Я оттолкнула Ксана в сторону, побежала к стене, ногтями уцепилась за самый верх зубца и подтянулась. Крошки строительного раствора захрустели под босыми ногами, и несколько сыпучих кусков щебня упали в зияющую пустоту подо мной. Я перегнулась через край и вспомнила, что чувствовала, глядя, как Келлан выскальзывает из моих ладоней навстречу смерти, и мое сердце забилось в зловещем барабанном ритме. Если я упаду, то погибну – но потерять я боялась вовсе не свою жизнь. Единственный способ испугаться настолько, чтобы суметь завершить начатое, заключался в том, чтобы поставить на кон жизни тех, кто со мной связан. Я подняла руку еще раз, и капля крови упала прямо на камень зубчатой стены.
Это сработало, но я знала, что эффект будет недолгим.

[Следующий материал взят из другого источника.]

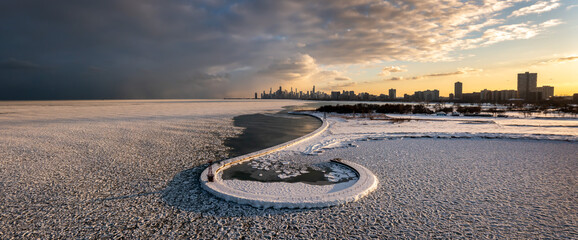 Beautiful Chicago skyline aerial drone view from above the frozen ice and snow covering Lake...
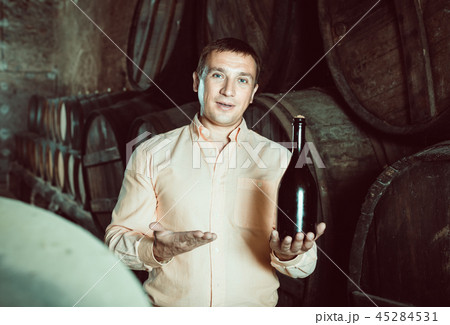 man with bottle of wine in winery cellar. 45284531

Я отчаянно потянулась сквозь пустоту к тому месту, где меня ждала Фалада. Она наклонила голову и положила свою красивую белую морду в мою кровоточащую ладонь.

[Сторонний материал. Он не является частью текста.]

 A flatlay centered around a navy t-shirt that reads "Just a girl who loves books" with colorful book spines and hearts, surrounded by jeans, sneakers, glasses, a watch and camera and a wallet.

– Спасибо, – сказала я ей, проводя серебристый свет ее души в свои ладони. Я взяла ровно столько, сколько мне было нужно, и держала этот свет внутри, позволяя ему циркулировать и расширяться. Затем я усилила свое сознание, снова обнаружила трещину в стене и загладила ее серебристой душой Фалады. «Почти!» – подумала я, но огонь вновь начал тускнеть. Мое тело останавливало кровотечение, и вместе с тем ограничивало доступ к магии внутри стены – кровь сворачивалась, я исцелялась. Нужно было почувствовать еще бо́льший страх. Я перегнулась как можно дальше и уже стояла на цыпочках…
– Эмили! – воскликнул Ксан и ухватил меня за руку. Я с трудом сохраняла равновесие. – Эмили, не надо. Это опасно. Не надо! – Он с силой притянул меня к себе, и я упала прямо в его объятия.
Я дрожала. Я была в крови. Но я не справилась. Не смогла.
– Ты в порядке? – Его белый воротничок съехал набок, волосы спутались, а глаза стали такими темными, как самый темный лес. Мы смотрели друг на друга. Я медленно поднесла окровавленные пальцы к его лицу и мягко прикоснулась к его губам. Никто из нас не произнес ни звука.
– Ничего-то вы не боитесь! – сказал мне Торис на ужине в Сирике. Всего, подумала я. – Кое-чего я все-таки боюсь, – ответила я вслух.
– Ничего-то вы не боитесь! – снова услышала я его слова, прозвучавшие эхом.
Да, ответила я.
Ксан.
Я боюсь Ксана.
Все замедлилось и остановилось. Мы были одни в этом хрупком мгновении, подвешенные вдвоем в магии и луче света.
Затем я закрыла глаза и расслабилась.
Оставшийся запас силы выплеснулся из меня волной, прокатился через стену и заполнил щели, подобно тому, как мазь заполняет рану. Как только это произошло, я упала на руки Ксана. Волшебство ушло, оставив меня опустошенной, похолодевшей. И все же, когда мы были в объятиях друг друга, удивленные и смущенные до такой степени, что захватывало дух, я была уверена, что еще никогда не чувствовала себя живее, чем в то мгновение.